Updating it to a new set of hardware based numbers is ok with me too.

> >>>>> I don't believe the code works. In my 1st test doing "nfstest_ssc
> >>>>> --runtest inter01" and then doing it again. What I see from inspecting
> >>>>> the traces is that indeed unmount doesn't happen but for the 2nd copy
> >>>>> the mount happens again.
> >>>>>
> >>>>> I'm attaching the trace. my servers are .114 (dest), .110 (src). my
> >>>>> client .68. The first run of "inter01" places a copy in frame 364.
> >>>>> frame 367 has the beginning of the "mount" between .114 and .110. then
> >>>>> read happens. then a copy offload callback happens. No unmount happens
> >>>>> as expected. inter01 continues with its verification and clean up. By
> >>>>> frame 768 the test is done. I'm waiting a bit. So there is a heatbeat
> >>>>> between the .114 and .110 in frame 769. Then the next run of the
> >>>>> "inter01", COPY is placed in frame 1110. The next thing that happens
> >>>>> are PUTROOTFH+bunch of GETATTRs that are part of the mount. So what is
> >>>>> the saving here? a single EXCHANGE_ID? Either the code doesn't work or
> >>>>> however it works provides no savings.
> >>>> The saving are EXCHANGE_ID, CREATE_SESSION, RECLAIM COMPLETE,
> >>>> DESTROY_SESSION and DESTROY_CLIENTID for *every* inter-copy request.
> >>>> The saving is reflected in the number of #4 test run above.
> >>> Can't we do better than that? Since you are keeping a list of umounts,
> >>> can't they be searched before doing the vfs_mount() and instead get
> >>> the mount structure from the list (and not call the vfs_mount at all)
> >>> and remove it from the umount list (wouldn't that save all the calls)?
> >> I thought about this.

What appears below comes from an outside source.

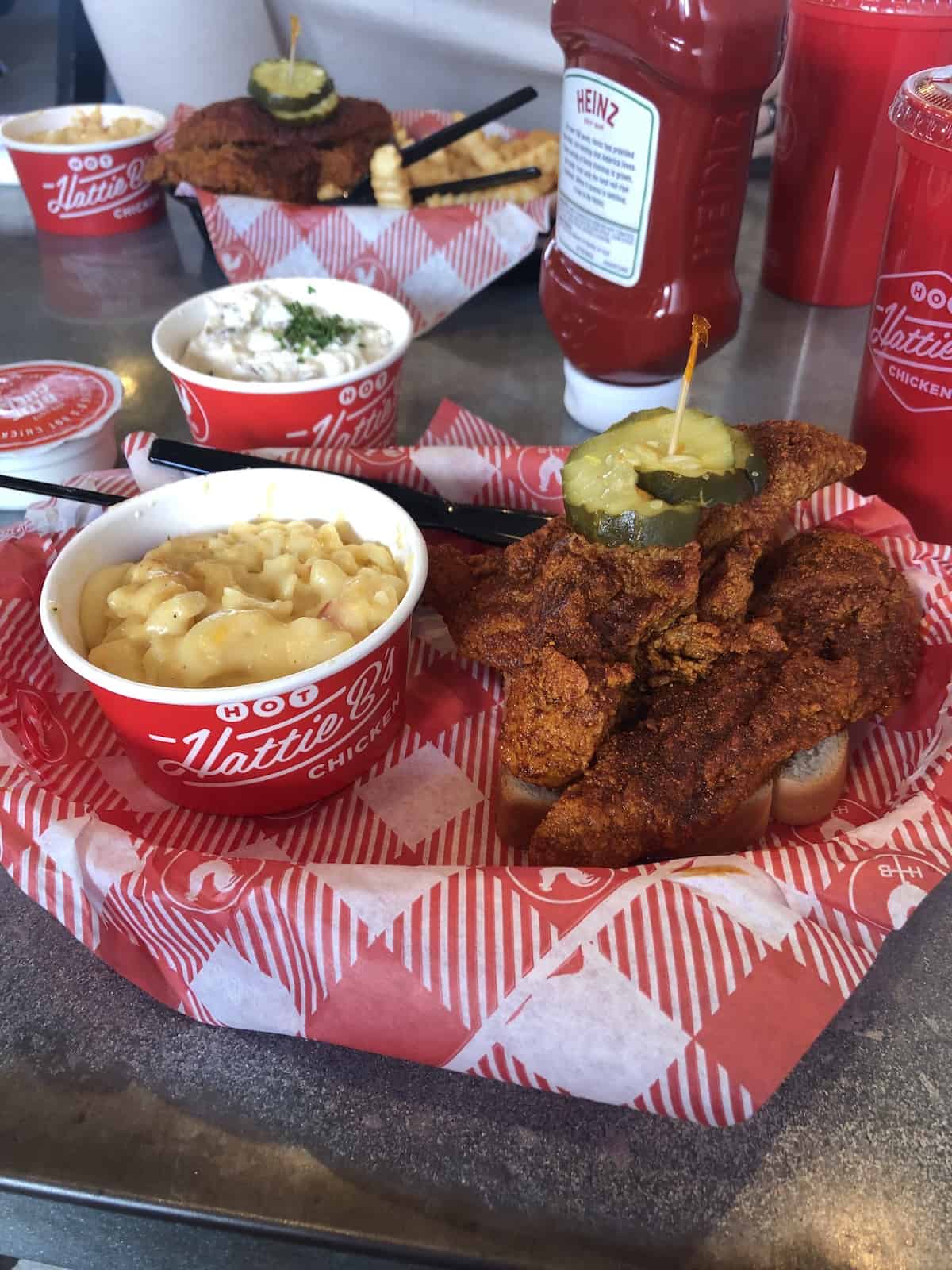 hattie b's hot chicken with potato salad and mac and cheese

My problem here is that we don't have much to key
> >> on to search the list. The only thing in the COPY argument can be used
> >> for this purpose is the list of IP addresses of the source server.
> >> I think that is not enough, there can be multiple exports from the
> >> same server, how do we find the right one? it can get complicated.
> >> I'm happy to consider any suggestion you have for this.
> > I believe an IP address is exactly what's needed for keying. Each of
> > those "mounts" to the same server is shared (that's normal behaviour
> > for the client) -- meaning there is just   1 "mount" for a given IP
> > (there is a single nfs4_client structure).
>
> ok, I can give this a try. However, I think this only reduces the
> number of RPCs which are bunch of GETATTRs so I don't think this will
> help the performance number significantly.

They are RPCs and meta data operations that go into the file system.I
would think they affect performance...

> >> I think the patch is an improvement, in performance for copying large
> >> files (if you consider 2MB file is large) and for removing the bug
> >> of computing overhead in __nfs4_copy_file_range. Note that we can
> >> always improve it and not necessary doing it all at once.
> > I don't think saving 3 RPCs out of 14 is a good enough improvement
> > when it can be made to save them all (unless you can convince me that
> > we can't save all 14).
>
> I don't understand your numbers here. Without the patch, there are
> 14 RPCs for mount and 2 RPCs for unmount and overhead of creating
> and tearing down TCP connection each time. With the patch, there are
> 8 RPCs for the mount (PUTROOTFH and GETATTRs) and 0 for unmount and
> no create and tear down TCP connection. The RPCs that the patch save
> are mostly heavy-weight RPC requests as the test showed the patch
> outperforms the current code even at 2MB.

I counted mount operations savings. I agreed with you that we saved
the umount. I'm saying that given that you are keeping track of the
mounts structures, those 8 RPCs shouldn't happen.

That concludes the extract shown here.